---------- DATASET EXCERPTS

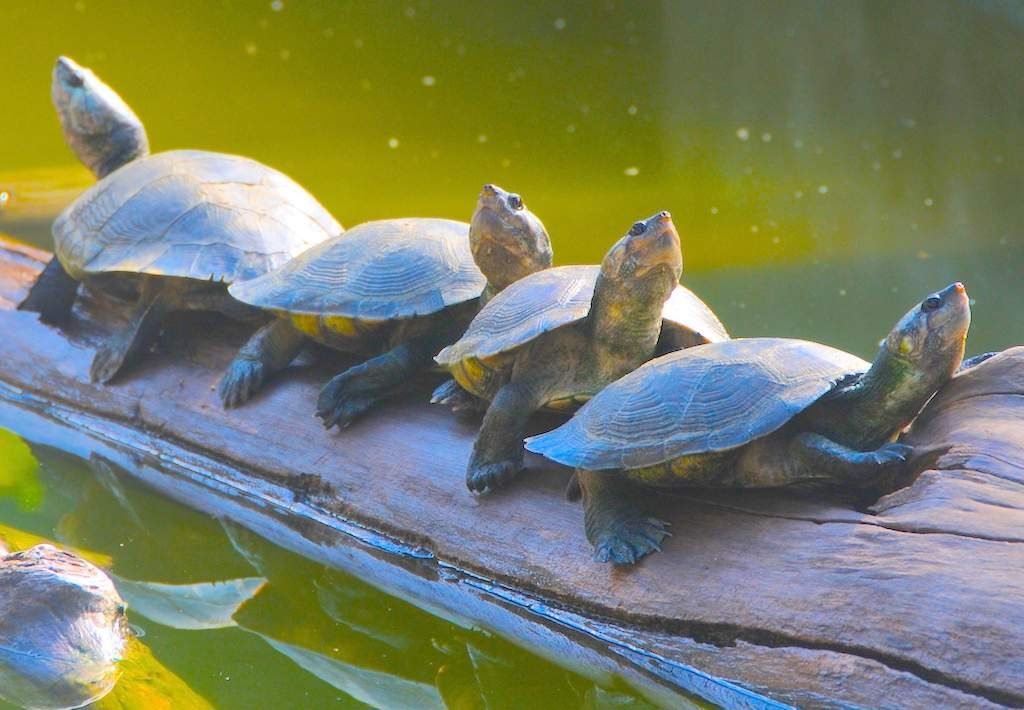 Мадагаскарская большеголовая черепаха (Erymnochelys madagascariensis)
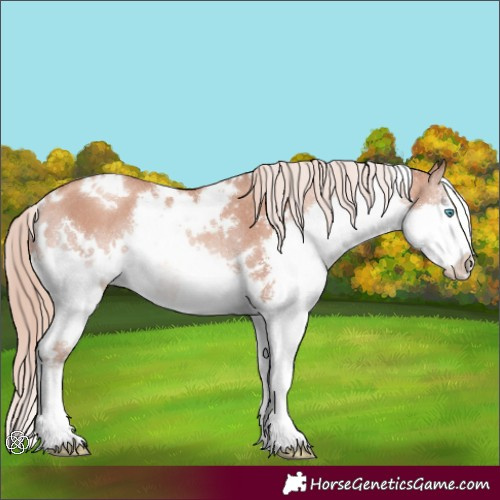 Horse Color:White Spotted Gold Champagne Splash Rabicano 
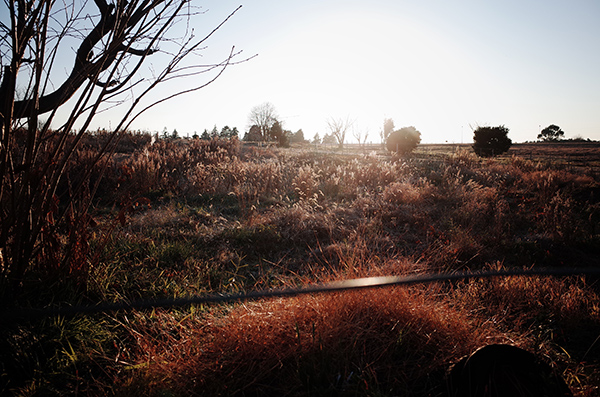 鎌田篤慎 Shigenori Kamata「saudade_2」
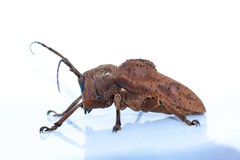 Hypselomus cristatus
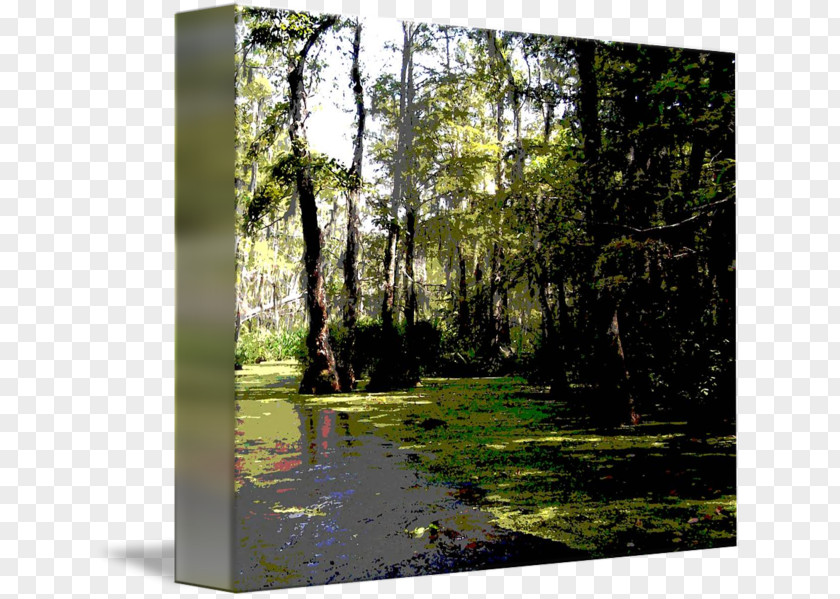 Forest Bayou Temperate Broadleaf And Mixed Swamp Nature Reserve PNG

--------------------

TASK PROMPT:
All of the data above needs to be given again exactly. Leave out each image.

ANSWER AREA:
 Мадагаскарская большеголовая черепаха (Erymnochelys madagascariensis)
 Horse Color:White Spotted Gold Champagne Splash Rabicano 
 鎌田篤慎 Shigenori Kamata「saudade_2」
 Hypselomus cristatus
 Forest Bayou Temperate Broadleaf And Mixed Swamp Nature Reserve PNG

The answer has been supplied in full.